取り合えず北の方向へとバイクを走らせる。律が自動運転車のシステムにアクセスし、警察車両と同じように車両を端へと退かせるようにしてくれているようだ。本当に仕事のできるやつで助かる。
足立区へ向けて四号線を北上していると律から通信があった。
『北区へ入った後に高速へ乗ってさらに北へ逃走しているみたいです!』
『あいよっ!』
北へ行っていたのを方向を変え、少し西へと進み高速へと乗ってパトランプを鳴らす。
一応、SVで制御して周りの車両を端に退かしながら昔ながらの音を鳴り響かせながら高速を飛ばす。
古い車両だが、ETCが着いたままだったので、カードを挿すだけでよかったから助かった。風を切り裂きながら文字通り矢のように突っ走る。
『体を屈めろ! 空気抵抗を減らすぞ!』
『くっ! キツイ!』
俺が前にいる為、律に風はあまり行かないと思うが、さすがにキツイらしい。
自動運転車両が邪魔をしていて、逃走車両はあまりスピードを出せていないみたいだ。
それはこちらの思惑通りだ。律が他の車両に働きかけて車両が通れないように通せんぼしているからな。
これも自動運転車だからできることだ。いくら煽っても運転しているのは心のないAIだから関係ない。

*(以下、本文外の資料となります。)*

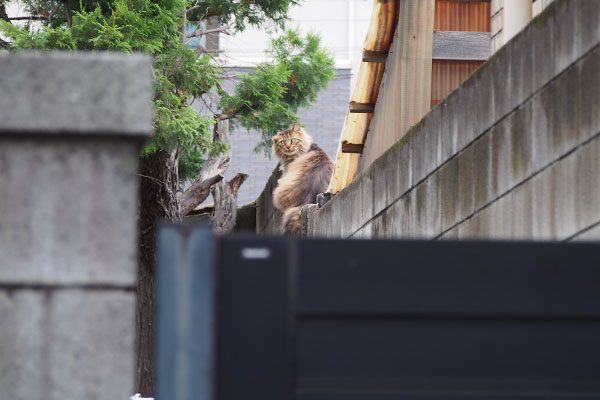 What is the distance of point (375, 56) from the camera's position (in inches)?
324

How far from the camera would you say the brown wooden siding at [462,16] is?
7.78m

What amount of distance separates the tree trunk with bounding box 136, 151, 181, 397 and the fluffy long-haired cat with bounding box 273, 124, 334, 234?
1.48 meters

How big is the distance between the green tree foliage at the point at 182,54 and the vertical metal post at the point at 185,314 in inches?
344

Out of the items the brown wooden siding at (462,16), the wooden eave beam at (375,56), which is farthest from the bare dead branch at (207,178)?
the brown wooden siding at (462,16)

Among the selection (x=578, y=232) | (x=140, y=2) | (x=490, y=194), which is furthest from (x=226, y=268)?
(x=140, y=2)

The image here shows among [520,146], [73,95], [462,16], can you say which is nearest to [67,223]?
[73,95]

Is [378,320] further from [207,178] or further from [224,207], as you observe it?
[224,207]

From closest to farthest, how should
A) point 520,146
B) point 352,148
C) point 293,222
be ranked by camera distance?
point 520,146
point 352,148
point 293,222

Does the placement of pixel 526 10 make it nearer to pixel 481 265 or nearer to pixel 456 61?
pixel 456 61

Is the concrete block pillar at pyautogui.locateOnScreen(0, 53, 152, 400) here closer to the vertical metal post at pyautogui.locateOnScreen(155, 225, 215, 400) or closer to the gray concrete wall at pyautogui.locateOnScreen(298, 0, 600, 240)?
the vertical metal post at pyautogui.locateOnScreen(155, 225, 215, 400)

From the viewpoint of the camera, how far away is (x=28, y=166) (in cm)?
184

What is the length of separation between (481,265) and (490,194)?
9.02 feet

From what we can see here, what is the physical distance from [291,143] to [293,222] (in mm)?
2311

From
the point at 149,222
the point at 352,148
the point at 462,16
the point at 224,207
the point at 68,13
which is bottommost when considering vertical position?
the point at 149,222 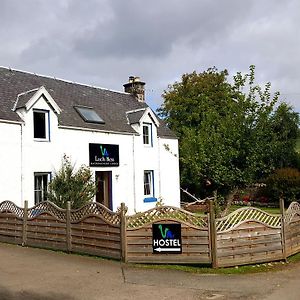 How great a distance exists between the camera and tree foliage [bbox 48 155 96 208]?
57.7 feet

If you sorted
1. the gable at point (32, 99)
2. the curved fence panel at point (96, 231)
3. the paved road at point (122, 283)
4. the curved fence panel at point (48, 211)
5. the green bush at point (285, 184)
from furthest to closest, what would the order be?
the green bush at point (285, 184) → the gable at point (32, 99) → the curved fence panel at point (48, 211) → the curved fence panel at point (96, 231) → the paved road at point (122, 283)

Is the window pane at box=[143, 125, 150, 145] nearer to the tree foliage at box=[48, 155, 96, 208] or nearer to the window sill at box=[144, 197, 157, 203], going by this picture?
the window sill at box=[144, 197, 157, 203]

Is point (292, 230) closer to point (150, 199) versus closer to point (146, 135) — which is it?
point (150, 199)

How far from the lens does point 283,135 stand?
44500mm

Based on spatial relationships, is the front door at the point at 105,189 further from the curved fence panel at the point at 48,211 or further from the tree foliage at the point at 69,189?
the curved fence panel at the point at 48,211

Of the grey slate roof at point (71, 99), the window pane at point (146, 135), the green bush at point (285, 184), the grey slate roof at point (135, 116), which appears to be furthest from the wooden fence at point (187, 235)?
the green bush at point (285, 184)

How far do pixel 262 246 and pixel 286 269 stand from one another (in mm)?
828

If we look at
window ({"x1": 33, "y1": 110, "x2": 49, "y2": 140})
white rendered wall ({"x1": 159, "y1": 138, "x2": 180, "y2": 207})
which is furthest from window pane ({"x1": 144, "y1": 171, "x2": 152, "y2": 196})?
window ({"x1": 33, "y1": 110, "x2": 49, "y2": 140})

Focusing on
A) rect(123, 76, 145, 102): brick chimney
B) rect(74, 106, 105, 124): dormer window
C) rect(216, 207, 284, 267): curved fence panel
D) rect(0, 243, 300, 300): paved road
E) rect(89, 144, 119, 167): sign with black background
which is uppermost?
rect(123, 76, 145, 102): brick chimney

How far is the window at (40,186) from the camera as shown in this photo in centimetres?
1920

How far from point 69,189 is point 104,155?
4831 millimetres

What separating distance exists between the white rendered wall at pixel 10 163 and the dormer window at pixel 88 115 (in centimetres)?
468

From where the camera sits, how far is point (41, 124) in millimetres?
19547

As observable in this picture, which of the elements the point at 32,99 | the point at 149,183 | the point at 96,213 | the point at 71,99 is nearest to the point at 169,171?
the point at 149,183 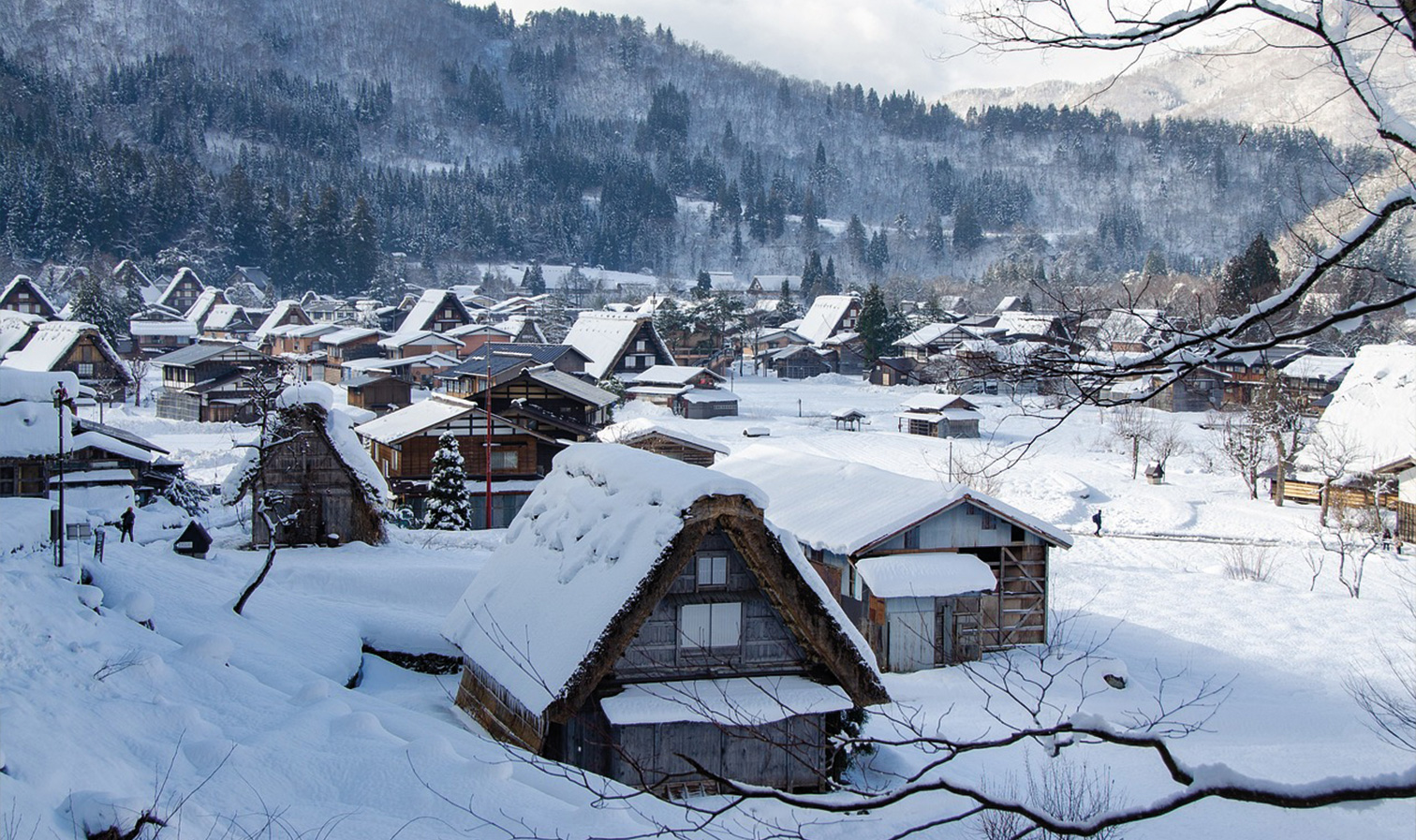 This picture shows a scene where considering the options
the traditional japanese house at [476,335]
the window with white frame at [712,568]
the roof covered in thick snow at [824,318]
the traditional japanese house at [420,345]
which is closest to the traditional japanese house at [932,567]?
the window with white frame at [712,568]

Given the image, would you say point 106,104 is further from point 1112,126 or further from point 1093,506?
point 1112,126

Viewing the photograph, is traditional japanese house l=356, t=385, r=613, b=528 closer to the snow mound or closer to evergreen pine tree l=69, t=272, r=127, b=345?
the snow mound

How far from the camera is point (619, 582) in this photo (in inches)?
349

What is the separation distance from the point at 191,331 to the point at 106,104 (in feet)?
294

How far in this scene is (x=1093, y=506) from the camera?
33.2 meters

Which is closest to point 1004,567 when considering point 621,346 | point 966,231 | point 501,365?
point 501,365

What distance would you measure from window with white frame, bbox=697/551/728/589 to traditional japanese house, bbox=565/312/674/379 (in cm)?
4508

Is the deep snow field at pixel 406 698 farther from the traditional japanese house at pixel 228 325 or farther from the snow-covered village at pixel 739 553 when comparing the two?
the traditional japanese house at pixel 228 325

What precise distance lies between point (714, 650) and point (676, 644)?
351 millimetres

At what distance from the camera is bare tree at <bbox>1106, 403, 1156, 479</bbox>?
3922 centimetres

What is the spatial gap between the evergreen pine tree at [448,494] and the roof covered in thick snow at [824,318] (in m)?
48.8

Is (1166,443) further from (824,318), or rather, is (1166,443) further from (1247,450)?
(824,318)

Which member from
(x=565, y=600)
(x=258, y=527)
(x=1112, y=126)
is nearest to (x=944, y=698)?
(x=565, y=600)

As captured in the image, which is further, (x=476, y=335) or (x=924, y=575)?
(x=476, y=335) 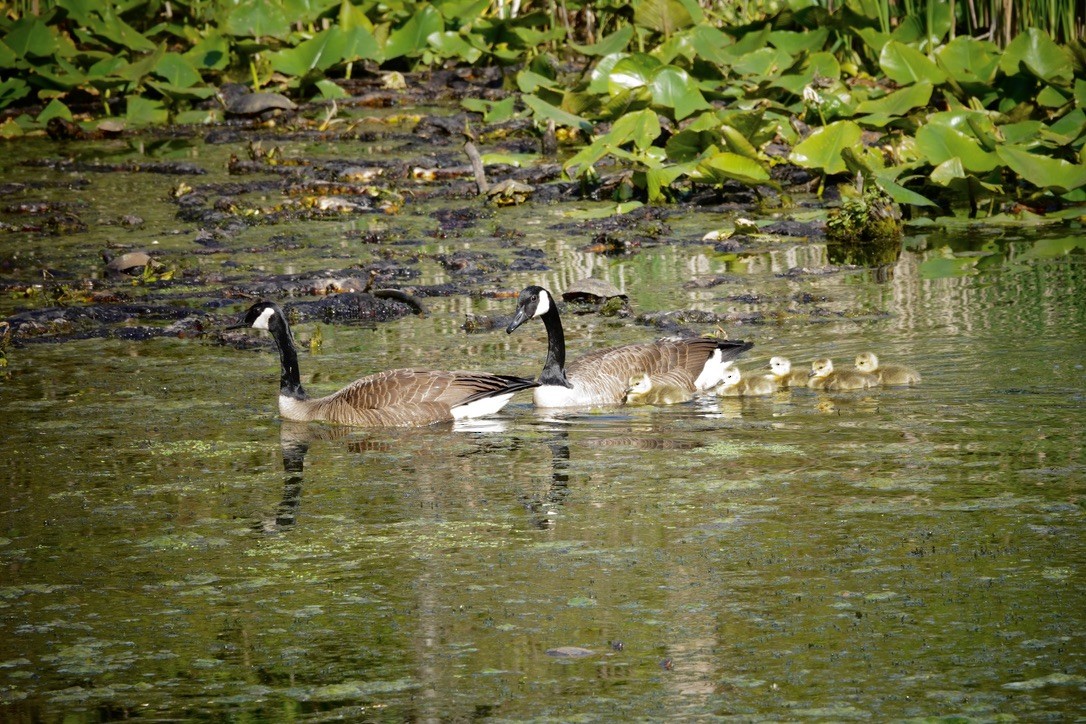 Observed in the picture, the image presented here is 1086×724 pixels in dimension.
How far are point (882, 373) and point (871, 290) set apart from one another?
2.77m

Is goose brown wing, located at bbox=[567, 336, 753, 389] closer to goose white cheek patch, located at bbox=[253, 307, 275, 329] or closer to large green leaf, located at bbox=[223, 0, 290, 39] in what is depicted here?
goose white cheek patch, located at bbox=[253, 307, 275, 329]

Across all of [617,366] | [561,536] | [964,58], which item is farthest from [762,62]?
[561,536]

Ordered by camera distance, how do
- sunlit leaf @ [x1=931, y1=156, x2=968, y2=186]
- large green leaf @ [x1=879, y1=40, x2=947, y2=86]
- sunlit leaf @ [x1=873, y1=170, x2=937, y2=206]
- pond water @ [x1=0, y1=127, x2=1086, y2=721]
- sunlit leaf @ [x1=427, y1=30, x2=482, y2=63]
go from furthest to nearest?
sunlit leaf @ [x1=427, y1=30, x2=482, y2=63] → large green leaf @ [x1=879, y1=40, x2=947, y2=86] → sunlit leaf @ [x1=873, y1=170, x2=937, y2=206] → sunlit leaf @ [x1=931, y1=156, x2=968, y2=186] → pond water @ [x1=0, y1=127, x2=1086, y2=721]

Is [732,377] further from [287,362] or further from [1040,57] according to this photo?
[1040,57]

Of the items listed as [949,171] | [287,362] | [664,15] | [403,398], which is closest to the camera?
[403,398]

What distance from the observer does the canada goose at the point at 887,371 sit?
9.13 m

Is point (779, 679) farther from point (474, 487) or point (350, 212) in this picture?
point (350, 212)

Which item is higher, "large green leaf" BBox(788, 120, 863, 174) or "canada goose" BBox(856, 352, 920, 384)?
"large green leaf" BBox(788, 120, 863, 174)

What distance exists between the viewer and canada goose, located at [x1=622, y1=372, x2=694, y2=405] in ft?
30.7

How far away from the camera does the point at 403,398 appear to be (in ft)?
29.5

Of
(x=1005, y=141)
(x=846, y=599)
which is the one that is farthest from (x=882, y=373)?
(x=1005, y=141)

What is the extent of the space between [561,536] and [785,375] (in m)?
3.12

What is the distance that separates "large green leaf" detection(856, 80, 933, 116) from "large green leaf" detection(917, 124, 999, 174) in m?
1.67

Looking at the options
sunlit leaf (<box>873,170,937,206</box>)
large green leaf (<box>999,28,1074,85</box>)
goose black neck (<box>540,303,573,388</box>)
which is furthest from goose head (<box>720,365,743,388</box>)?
large green leaf (<box>999,28,1074,85</box>) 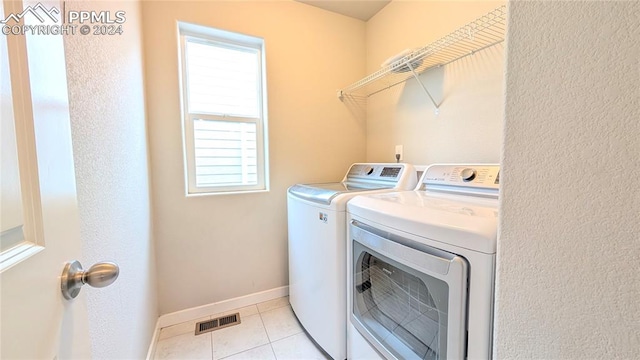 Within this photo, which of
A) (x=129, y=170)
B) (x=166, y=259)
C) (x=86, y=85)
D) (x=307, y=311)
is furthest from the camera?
(x=166, y=259)

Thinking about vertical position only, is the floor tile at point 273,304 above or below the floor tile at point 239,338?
above

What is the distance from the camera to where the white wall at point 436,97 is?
1347 millimetres

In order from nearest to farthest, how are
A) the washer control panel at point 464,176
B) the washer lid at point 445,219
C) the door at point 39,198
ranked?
the door at point 39,198
the washer lid at point 445,219
the washer control panel at point 464,176

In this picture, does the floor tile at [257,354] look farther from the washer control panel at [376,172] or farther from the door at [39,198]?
the washer control panel at [376,172]

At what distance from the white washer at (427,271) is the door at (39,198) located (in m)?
0.87

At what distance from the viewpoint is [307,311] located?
1544mm

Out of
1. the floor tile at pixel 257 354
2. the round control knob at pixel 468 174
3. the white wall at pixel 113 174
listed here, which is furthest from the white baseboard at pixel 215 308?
the round control knob at pixel 468 174

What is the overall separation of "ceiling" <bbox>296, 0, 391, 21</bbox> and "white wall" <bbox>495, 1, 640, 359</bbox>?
1.92 metres

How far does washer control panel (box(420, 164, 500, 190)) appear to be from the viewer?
3.74ft

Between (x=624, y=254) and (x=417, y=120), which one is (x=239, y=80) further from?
(x=624, y=254)

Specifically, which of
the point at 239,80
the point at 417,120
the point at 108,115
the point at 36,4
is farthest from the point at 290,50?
the point at 36,4

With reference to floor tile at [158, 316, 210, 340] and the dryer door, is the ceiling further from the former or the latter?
floor tile at [158, 316, 210, 340]

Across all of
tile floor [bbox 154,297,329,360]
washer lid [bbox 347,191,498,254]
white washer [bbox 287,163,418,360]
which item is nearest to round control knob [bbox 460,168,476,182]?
washer lid [bbox 347,191,498,254]

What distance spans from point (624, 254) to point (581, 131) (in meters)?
0.20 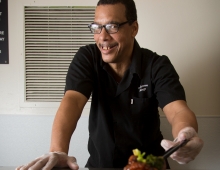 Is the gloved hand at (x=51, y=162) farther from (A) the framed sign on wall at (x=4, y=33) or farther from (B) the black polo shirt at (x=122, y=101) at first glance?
(A) the framed sign on wall at (x=4, y=33)

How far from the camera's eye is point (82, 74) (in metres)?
1.20

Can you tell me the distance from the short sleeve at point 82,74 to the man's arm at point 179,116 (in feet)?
1.21

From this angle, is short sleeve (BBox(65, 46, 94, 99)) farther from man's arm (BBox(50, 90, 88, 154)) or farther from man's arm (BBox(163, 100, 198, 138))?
man's arm (BBox(163, 100, 198, 138))

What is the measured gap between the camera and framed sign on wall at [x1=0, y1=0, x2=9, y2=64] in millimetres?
1614

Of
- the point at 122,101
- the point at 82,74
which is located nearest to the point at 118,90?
the point at 122,101

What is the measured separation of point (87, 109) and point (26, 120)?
1.31 ft

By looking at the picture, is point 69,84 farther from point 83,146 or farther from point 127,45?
point 83,146

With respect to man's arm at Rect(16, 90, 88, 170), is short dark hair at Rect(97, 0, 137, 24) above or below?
above

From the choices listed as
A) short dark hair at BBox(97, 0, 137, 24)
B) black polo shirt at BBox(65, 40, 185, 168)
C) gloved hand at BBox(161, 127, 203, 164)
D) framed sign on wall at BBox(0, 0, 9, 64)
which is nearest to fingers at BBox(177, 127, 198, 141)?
gloved hand at BBox(161, 127, 203, 164)

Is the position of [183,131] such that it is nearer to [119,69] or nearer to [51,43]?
[119,69]

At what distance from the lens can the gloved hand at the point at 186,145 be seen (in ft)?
2.85

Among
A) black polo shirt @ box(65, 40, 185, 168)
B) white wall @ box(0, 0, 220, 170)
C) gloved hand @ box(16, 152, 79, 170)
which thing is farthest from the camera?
white wall @ box(0, 0, 220, 170)

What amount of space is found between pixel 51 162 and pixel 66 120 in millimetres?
255

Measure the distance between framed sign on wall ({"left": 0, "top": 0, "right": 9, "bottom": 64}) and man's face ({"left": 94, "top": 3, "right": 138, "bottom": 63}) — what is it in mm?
743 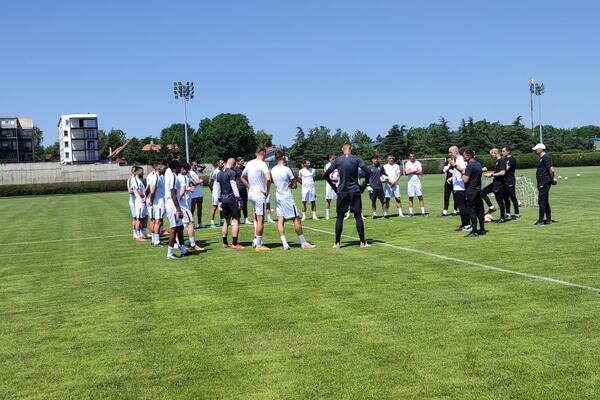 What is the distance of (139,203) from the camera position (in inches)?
688

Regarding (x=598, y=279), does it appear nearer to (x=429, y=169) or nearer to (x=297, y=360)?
(x=297, y=360)

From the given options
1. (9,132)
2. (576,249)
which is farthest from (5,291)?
(9,132)

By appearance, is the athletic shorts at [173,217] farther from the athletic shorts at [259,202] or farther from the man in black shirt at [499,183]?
the man in black shirt at [499,183]

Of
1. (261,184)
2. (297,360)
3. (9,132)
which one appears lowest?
(297,360)

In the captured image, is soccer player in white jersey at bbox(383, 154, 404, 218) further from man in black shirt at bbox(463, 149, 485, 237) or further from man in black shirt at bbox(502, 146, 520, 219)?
man in black shirt at bbox(463, 149, 485, 237)

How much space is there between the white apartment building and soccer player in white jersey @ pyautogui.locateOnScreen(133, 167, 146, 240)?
131 m

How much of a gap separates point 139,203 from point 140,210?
0.20 meters

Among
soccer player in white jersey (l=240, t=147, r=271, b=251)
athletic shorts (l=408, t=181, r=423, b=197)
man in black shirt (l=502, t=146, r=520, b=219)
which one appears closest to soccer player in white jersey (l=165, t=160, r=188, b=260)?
soccer player in white jersey (l=240, t=147, r=271, b=251)

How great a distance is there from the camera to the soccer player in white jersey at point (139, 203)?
17.4m

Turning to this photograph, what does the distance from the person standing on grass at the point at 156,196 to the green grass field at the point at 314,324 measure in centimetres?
239

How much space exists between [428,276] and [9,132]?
13688cm

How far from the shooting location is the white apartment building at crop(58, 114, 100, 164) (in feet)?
464

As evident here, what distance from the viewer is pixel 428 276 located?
32.2 ft

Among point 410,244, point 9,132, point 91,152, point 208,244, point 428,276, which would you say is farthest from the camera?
point 91,152
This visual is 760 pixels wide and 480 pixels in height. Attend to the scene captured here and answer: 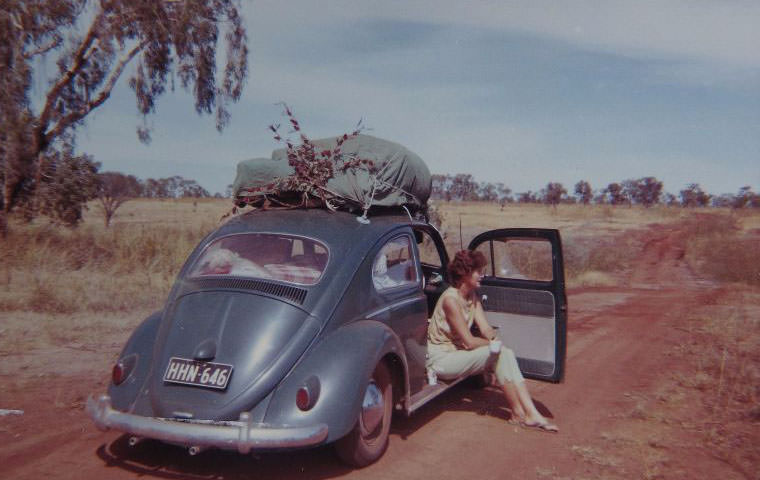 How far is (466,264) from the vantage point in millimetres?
5160

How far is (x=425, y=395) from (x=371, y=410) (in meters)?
0.87

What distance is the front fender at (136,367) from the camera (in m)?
3.84

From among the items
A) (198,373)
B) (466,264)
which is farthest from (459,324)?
(198,373)

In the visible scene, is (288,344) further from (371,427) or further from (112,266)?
(112,266)

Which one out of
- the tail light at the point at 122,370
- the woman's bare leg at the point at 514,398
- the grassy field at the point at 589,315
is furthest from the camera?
the woman's bare leg at the point at 514,398

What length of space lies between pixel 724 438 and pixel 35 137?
571 inches

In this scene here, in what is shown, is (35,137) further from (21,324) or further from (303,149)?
(303,149)

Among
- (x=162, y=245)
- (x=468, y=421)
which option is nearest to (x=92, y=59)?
(x=162, y=245)

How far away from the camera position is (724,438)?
4.84 metres

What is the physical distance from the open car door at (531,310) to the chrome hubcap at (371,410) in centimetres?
189

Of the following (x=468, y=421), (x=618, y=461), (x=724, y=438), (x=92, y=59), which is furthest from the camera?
(x=92, y=59)

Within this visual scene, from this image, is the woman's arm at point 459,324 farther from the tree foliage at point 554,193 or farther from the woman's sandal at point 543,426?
the tree foliage at point 554,193

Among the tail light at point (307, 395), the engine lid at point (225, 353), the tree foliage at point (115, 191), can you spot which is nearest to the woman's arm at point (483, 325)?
the engine lid at point (225, 353)

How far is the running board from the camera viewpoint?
A: 461 cm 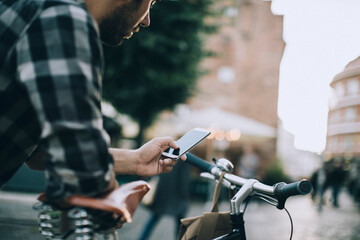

逃走している車両が見えてきた。俺からしたら凄いいいレトロカーに見えてしまい、興奮するくらいのスポーツカーだった。
『あの黒い車両です!』
『わかってらぁ! 32か……いいねぇ!』
律から知らせが入った。だが、言われる前からわかっていた。そのくらい好きなスポーツカーだった。
それがリアルで拝めるなんて嬉しい気持ちが勝っていた。段々大きくなってくるスポーツカー。後ろの丸い四連ライトがたまらないくいい。
後ろからケツを追いかけながら迫る。パトランプを聞いてあせったのか、スポーツカーは逃げようと蛇行をし始めた。
前の車を退かそうとぶつかって無理やり割り込んで入っていく。その後ろを追いかけ、並走する。
そして、無理やり自動運転車を捜査して横へと滑り込ませる。たまたま、人を乗せた帰りの自動運転車だったようだ。人が乗っていなくてラッキーだった。
金属同士のぶつかり合うような激しい音が響き渡り黒いスポーツカーは煙を上げてスピードを落としていく。
レトロカーの弱点はエンジンを潰せば走らなくなること。実は自動運転車はAIさえ生きていればある程度はどうにかして自走してくれるのだ。
黒い煙を上げて止まったスポーツカーの横にバイクを停めて窓を叩く。
これで堪忍してくれりゃあいいんだけどな。